» **THE PROBLEM**
Omit the images, then repeat the listing exactly.

» **MATERIAL PROVIDED**
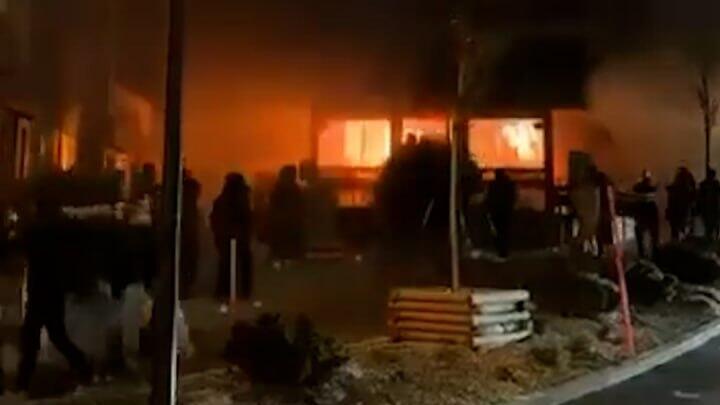 The fire in the Swiss bar זירת פיצוץ בבר ב קראנס-מונטנה שווייץ עיירת סקי ב האלפים השווייצריים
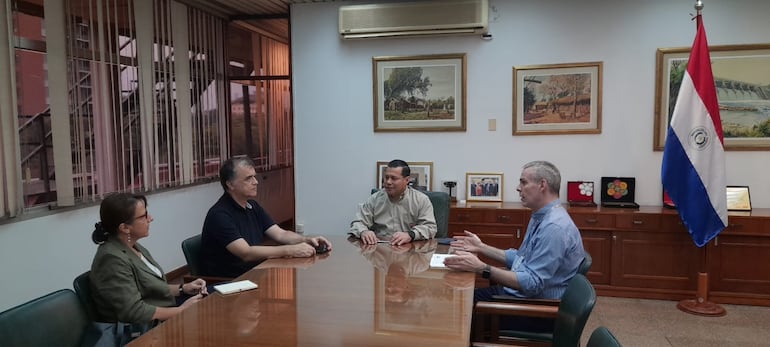 Reunión con representantes de la Cooperación de la Unión Europea para analizar posible colaboración en proyectos de fortalecimiento del Sistema Eléctrico de la ANDE.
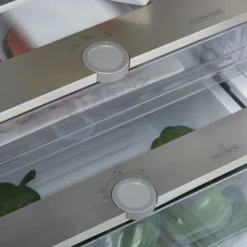 Hotpoint HTC20T321UK_WH Built-in Frost Free Fridge Freezer - White 20 Hotpoint HTC20T321UK_WH Built-in Frost Free Fridge Freezer - White -Prime Kitchen hotpoint htc20t321uk wh built in frost free fridge freezer white5054645633685 05c bq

» **RESULT OF THE TASK**
 The fire in the Swiss bar זירת פיצוץ בבר ב קראנס-מונטנה שווייץ עיירת סקי ב האלפים השווייצריים
 Reunión con representantes de la Cooperación de la Unión Europea para analizar posible colaboración en proyectos de fortalecimiento del Sistema Eléctrico de la ANDE.
 Hotpoint HTC20T321UK_WH Built-in Frost Free Fridge Freezer - White 20 Hotpoint HTC20T321UK_WH Built-in Frost Free Fridge Freezer - White -Prime Kitchen hotpoint htc20t321uk wh built in frost free fridge freezer white5054645633685 05c bq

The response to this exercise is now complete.